Il dato disaggregato di Avellino ci consegna un sostanziale azzeramento della CIG  in deroga -89,5% dovuta solo ad una riduzione dei tempi e delle modalità di accesso,

ed una gravissima escalation della CIG Straordinaria che passa dalle 354 mila ore del 1° semestre 2015 al dato allucinante di 3.669.511 del pari periodo del 2016 + 935,9%.

Tenuto conto che la CIGS  è uno strumento di politica industriale finalizzato a fronteggiare gravi crisi o per  affrontare processi di ristrutturazione/riorganizzazione, appare evidente come sia un dato fortemente indicativo della grave crisi delle aree interne della Campania e del mezzogiorno che si continua a voler colpevolmente sottacere, salvo poi  doverne registrare la drammaticità, che nessun annuncio o legge di riforma può controvertere.

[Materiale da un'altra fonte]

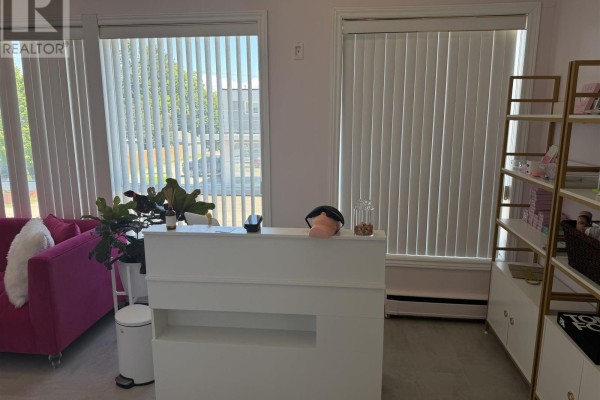 Reception desk with a cash register, plants, and a gold shelving unit to the right. - 1496 Wellington St E # 204, Sault Ste  Marie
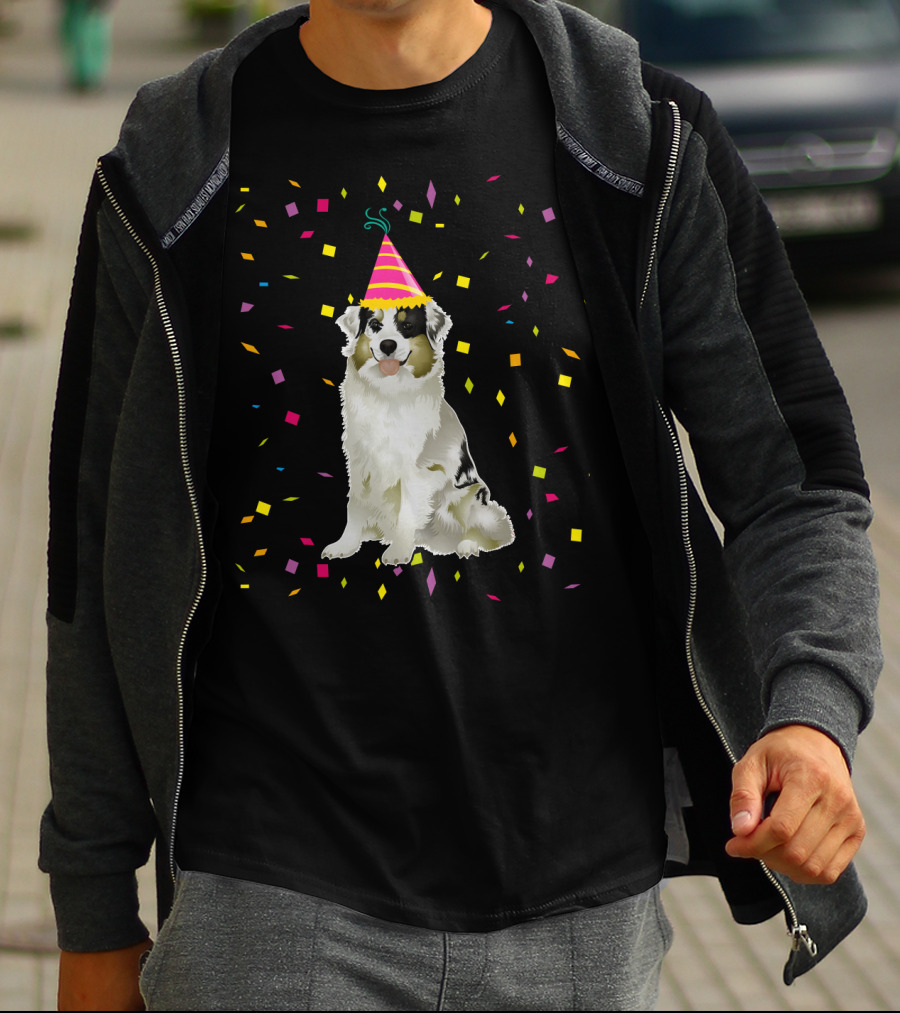 Funny Australian Shepherd Dog Birthday Party Confetti T-Shirt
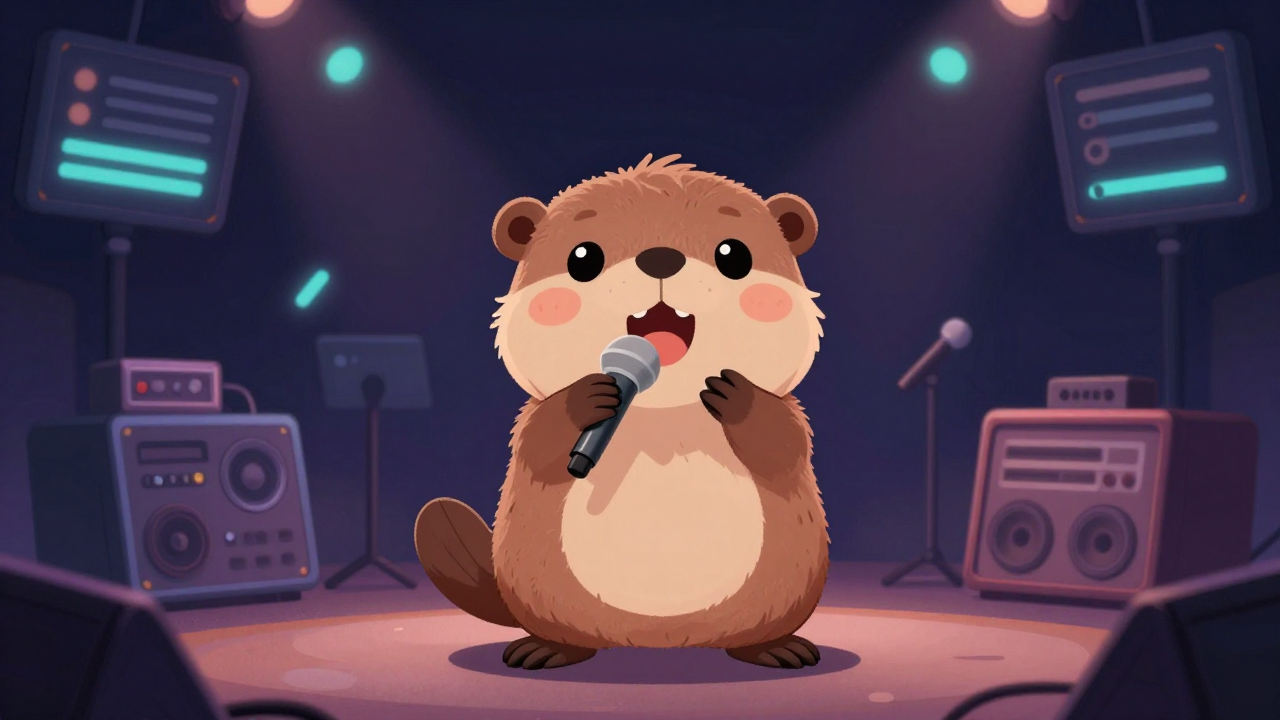 대중가수 직업 종사자가 업무를 수행하는 모습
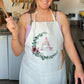 Personalised Pink Floral Design Quality Linen Apron Gift Set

Il fatto che Napoli registri un dato  sostanzialmente stabile +8% e Salerno un visibile decremento pone con forza una RIFLESSIONE SULLA INPROCRASTINABILE  necessità di avviare una discussione che non può continuare a vedere le aree interne divise e in contrapposizione, ma semmai sinergiche e confluenti, per segnare e recuperare le opportunità delle province di Avellino  e Benevento,  che devono ritornare ad essere polmone produttivo e luogo di insediamenti  di eccellenza e di offerta di servizi ai cittadini e alle imprese tali da restituire una visione alle giovani generazioni, che hanno il diritto di poter scegliere dove sono nati e caso mai andare all’estero per scelta e non per obbligo.